WHAT YOU SHOULD DO: Reproduce the data exactly and drop any pictures it holds.

# # # # #

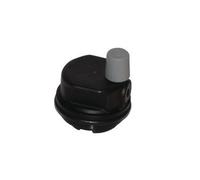 Purgeur circulateur WSC 40W- DIFF pour ELM Leblanc - 87185050390
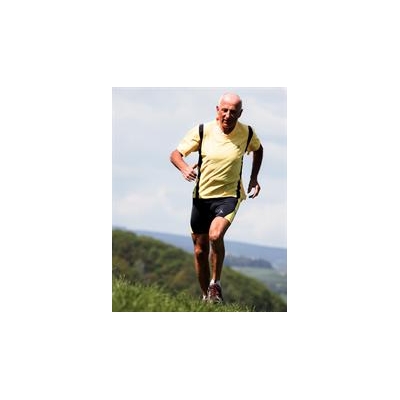 Ninth Men’s Health Day is set for June 13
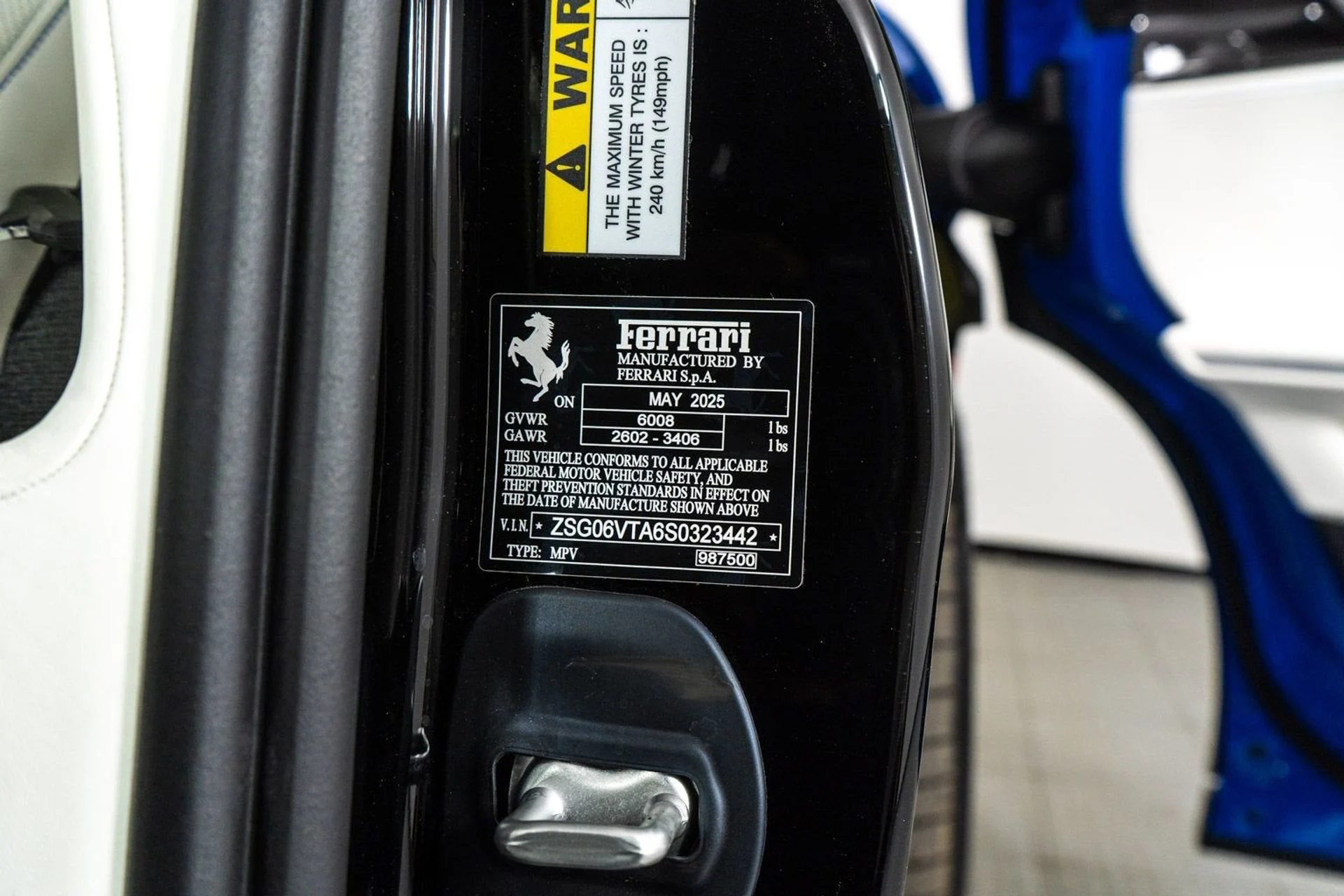 mph025_3692489187_d9bfd03e32744a6d9ae56d0c440d9c83_c6dd70749d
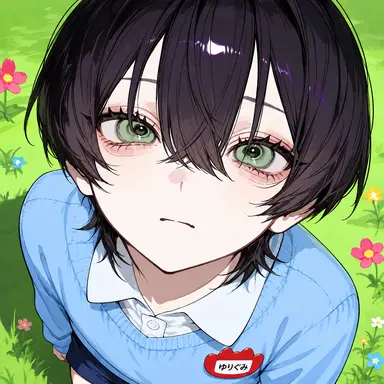 Profile image of 龍雅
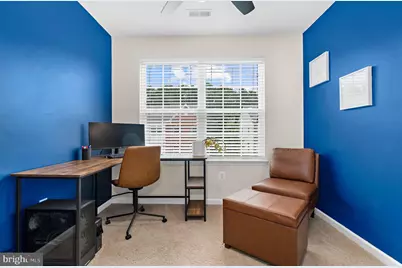 7623 Timbercross Lane, Glen Burnie, MD 21060 - Photo 22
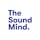 The Sound Mind
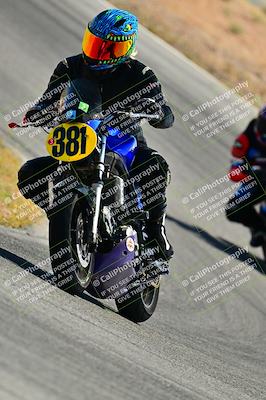 media/May-31-2025-Classic Track Day (Sat) [[da23ab3028]]/Group C/Session 2 (Turns 1 and 3)/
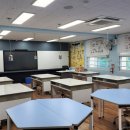 대신여자중학교 이미지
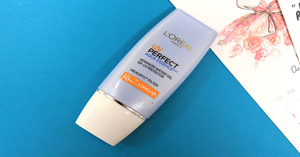 Chị em mê mẩn với kem chống nắng BB L'OREAL ? Mua ở đâu giá rẻ chất lượng ?
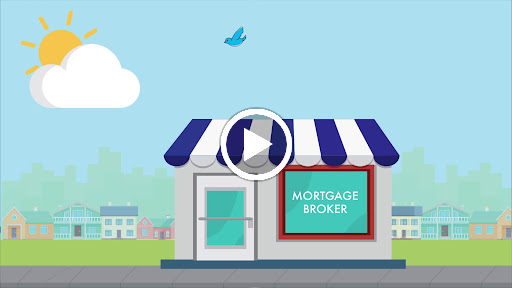 Mortgage Broker «Core Mortgage Services», reviews and photos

# # # # #

RESULT OF THIS EXERCISE:
 Purgeur circulateur WSC 40W- DIFF pour ELM Leblanc - 87185050390
 Ninth Men’s Health Day is set for June 13
 mph025_3692489187_d9bfd03e32744a6d9ae56d0c440d9c83_c6dd70749d
 Profile image of 龍雅
 7623 Timbercross Lane, Glen Burnie, MD 21060 - Photo 22
 The Sound Mind
 media/May-31-2025-Classic Track Day (Sat) [[da23ab3028]]/Group C/Session 2 (Turns 1 and 3)/
 대신여자중학교 이미지
 Chị em mê mẩn với kem chống nắng BB L'OREAL ? Mua ở đâu giá rẻ chất lượng ?
 Mortgage Broker «Core Mortgage Services», reviews and photos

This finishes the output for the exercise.